= Edmund Alderson Sandford Fawcett =

English civil engineer, civil servant (1868–1938)

Edmund Alderson Sandford Fawcett CB, M.Inst.C.E., (27 April 1868 - 1 April 1938) was a British civil engineer and senior civil servant. He was secretary of the Ministry of National Service during World War I and chief engineer to the Ministry of Health from 1921 to 1930.

==Family and personal life==

Edmund Alderson Sandford Fawcett was born at Childwick Hall, St Albans. A member of the Fawcett family, his father, Edmund Alderson Fawcett, originally from Sandford Hall, Warcop in Cumberland and later of Coleshill House, was a land owner and entrepreneur. His mother, Jane Harrison, was from Sandford House, Richmond, Yorkshire.

He married Gladys Heath, daughter of George Weller, of Amersham. They had three sons (Hugh, Eric and John) and one daughter (Loveday). He lived for a time in Chalfont St Giles and in 1918 bought The Rosary, a house in Coleshill.

In 1908, Fawcett won the Champion Cup (later the President's Cup) for croquet at the All England Club at Wimbledon, and also won croquet events at Hurlingham.

Fawcett died in Taunton on 1 April 1938. His funeral was held in Penn Street on 5 April 1938.

==Career==

Fawcett practised as a civil engineer in Westminster until 1898, at which date - and at an unusually early age - he was appointed an engineering inspector at the Local Government Board, taking on some of the Board's most challenging inquiries.
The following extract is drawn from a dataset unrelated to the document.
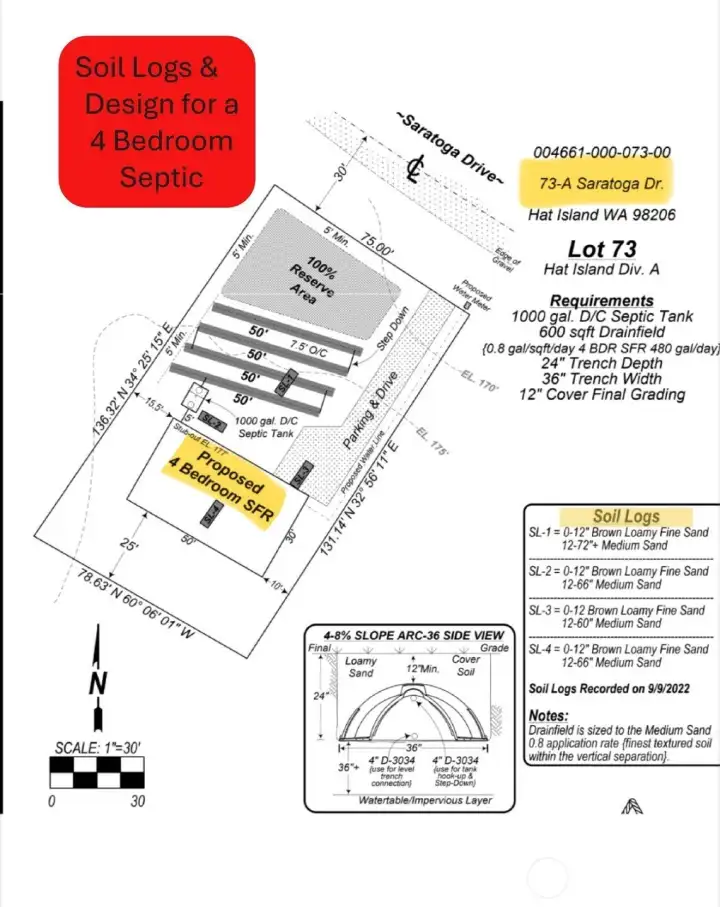 Septic Feasibility for 4 bedroom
In 1911 he was appointed second deputy chief engineer to the Board and was no longer involved in public inquiries. In 1913 he became deputy chief engineer.

During World War I, Fawcett worked as a special investigator for the Ministry of Munitions, later working for the Manpower Distribution Board. He became secretary of the Ministry of National Service upon its formation. In the 1919 New Year Honours, he was created a CB in recognition of his services at the Ministry. In 1921 he was appointed chief engineer to the Ministry of Health, which - following the Ministry of Health Act 1919 - had absorbed the Local Government Board. He retired in 1930 and became a consulting engineer in Westminster, where he mainly worked on water supply schemes. His projects included the Amersham, Beaconsfield and District Waterworks.

Fawcett was a member of the Institution of Civil Engineers, an honorary member of the Institution of Water Engineers and of the Institution of Municipal and County Engineers, a Fellow of the Royal Sanitary Institute, and a past president of the Institution of Sanitary Engineers. He was elected a member of the Geological Society of London in January 1897.

===Publications===
- The purification of the water of swimming baths (1929), published by HMSO.
- "Rainfall and runoff", (1930) J. Inst. Munic. County Eng.